The legal lock on stem cells
CALIFORNIA’S $3-billion stem cell program has encountered repeated setbacks since it was approved by voters 17 months ago. Now it faces an entirely new and potentially even more worrisome challenge arising from two powerful patents -- patents No. 5,843,780 and No. 6,200,806, to be exact -- which cover all human embryonic stem cells and the method by which they’re made.
Patents are supposed to stimulate innovation. That’s why they exist. But it appears that these two patents, held by a foundation affiliated with the University of Wisconsin, may exert a dangerous monopoly over all future research in the field -- one that may pose an even greater long-term threat to stem cell science than the Bush administration’s federal funding ban.
Here’s the background. In mid-March, the Wisconsin Alumni Research Foundation, or WARF, announced that the state of California must sign a legal contract and pay user fees to the foundation if any state-funded scientists want to work with human embryonic stem cells of any kind. Yes, of any kind.
The foundation’s patents are based on the work of James Thompson, a University of Wisconsin professor who was the first scientist to isolate embryonic stem cells, in 1998. But the patents are so broad -- unreasonably broad -- that they cover all human embryonic stem cell lines in the U.S., not just the specific lines developed by Thompson.
Jeanne Loring, an embryologist at the Burnham Institute in La Jolla, is one of many scientists who worry about the effect of this monopoly. In 1999, Loring tried to launch a company to work with stem cells, but the firm quickly collapsed when it couldn’t raise the $100,000 in upfront fees the Wisconsin foundation charged. The foundation’s commercial contracts also typically include an annual maintenance fee of $40,000 -- a steep hurdle for any young company.
Andrew Cohn, a spokesperson for the foundation, says the group has gone a long way toward meeting the concerns of its critics. In response to pressure from the National Institutes of Health, it dropped the fees it charges academics from $5,000 to $500 and adopted a more flexible licensing agreement. In its standard university contract, the foundation is careful not to claim any commercial rights to inventions made by academic licensees, even though its patents would permit that.
But Kenneth Taymor, a Stanford University attorney with the Program on Stem Cells in Society, says this discrete contract language is meaningless. “If a scientist develops a research tool, a therapy or some other useful invention stemming from embryonic stem cells,” he says, “WARF can step in whenever it wants to and claim a share of the commercial rights.” This, of course, inhibits research and commercial investment -- a problem only made worse by the foundation’s close ties to Geron Corp. of Menlo Park.

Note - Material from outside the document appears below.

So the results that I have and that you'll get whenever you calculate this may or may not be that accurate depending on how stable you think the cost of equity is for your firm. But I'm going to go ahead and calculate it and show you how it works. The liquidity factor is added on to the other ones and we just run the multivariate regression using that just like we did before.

In 1996, the foundation granted Geron Corp. exclusive commercial rights to many of the most valuable therapeutic uses of its human embryonic stem cells. In Taymor’s words, the license encompasses “the crown jewels of regenerative medicine,” including all the neurodegenerative diseases (Alzheimer’s, Parkinson’s, Lou Gehrig’s), as well as diabetes and heart diseases. In 2001, Douglas Melton, a Harvard scientist, publicly complained that, because of this license, anything he develops in his academic lab is owned by Geron.

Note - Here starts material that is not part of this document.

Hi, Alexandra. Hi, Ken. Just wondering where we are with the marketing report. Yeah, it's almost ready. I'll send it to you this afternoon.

This monopoly doesn’t just threaten the future of stem cell research. It also raises a fundamental question: Should the U.S. Patent Office allow the basic building blocks of science to be patented? This question goes to the heart of a recent U.S. Supreme Court case. The court is considering whether a patent should have been issued on the basic biological relationship between homocysteine (an amino acid found in human blood) and vitamin B deficiencies. After the patent was issued, its owner sued a competitor simply for stating the biological facts of the relationship in a publication.
Controversial patents like these have proliferated over the last two decades. They range from the absurd -- a patent on crust-less peanut butter and jelly sandwiches -- to the deeply troubling: a patent on the human gene responsible for hereditary breast cancer, which the owner has used to block other scientists engaged in breast cancer research and diagnostic testing.
California doesn’t have a lot of room to maneuver. The Foundation for Taxpayer and Consumer Rights, based in Santa Monica, has urged California’s stem cell agency to challenge the Wisconsin patents. But patents are not easy to reverse, even when they are clearly contrary to the public interest. That’s why Congress needs to act now to reform the U.S. patent system.
The problem is twofold. First, Congress and the courts have continually expanded the range of inventions that are eligible for intellectual property protection, as well as the duration of that protection. Second, the patent office encourages examiners to approve patents, not reject them, so many that don’t really meet the eligibility criteria slip through. If one examiner rejects an application, the applicant can file a “continuation” with another until it gets approved. This is precisely what happened with the Wisconsin stem cell patents.
It’s time to bring rigor back to the U.S. patent system and stop this rubberstamping.